EXERCISE DATA:

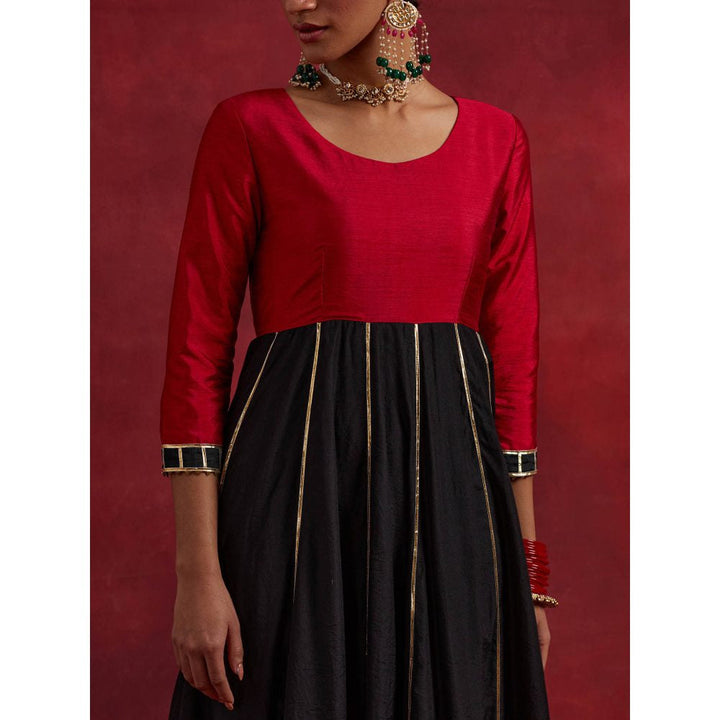 The Indian Cause Red Black Raw Silk And Chanderi Ghoomar Anarkali Kurta With Dupatta (Set of 2)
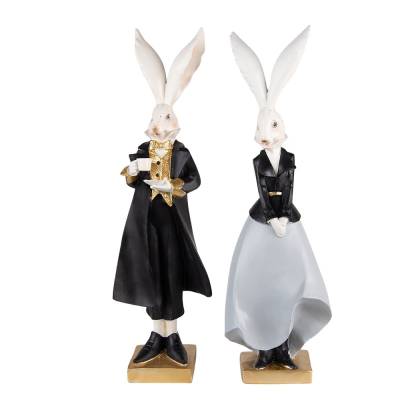 Set decoratiuni Paste Cuplu Iepurasi fashion polirasina 47 cm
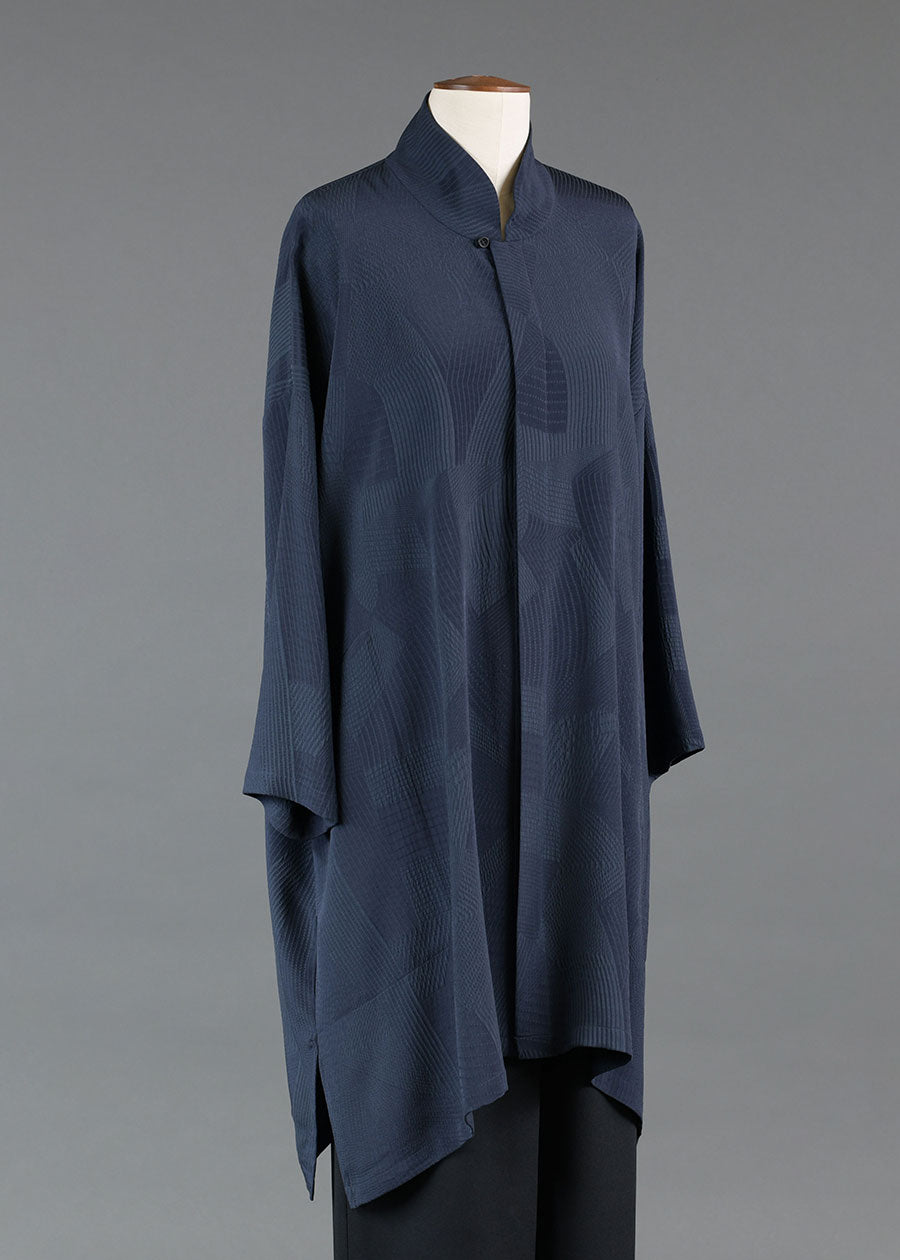 silk wide a-line shirt with chinese collar - very long with slits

PROBLEM TO SOLVE: The task requires the full listing to be given again verbatim, without its pictures.

RESPONSE BELOW:
 The Indian Cause Red Black Raw Silk And Chanderi Ghoomar Anarkali Kurta With Dupatta (Set of 2)
 Set decoratiuni Paste Cuplu Iepurasi fashion polirasina 47 cm
 silk wide a-line shirt with chinese collar - very long with slits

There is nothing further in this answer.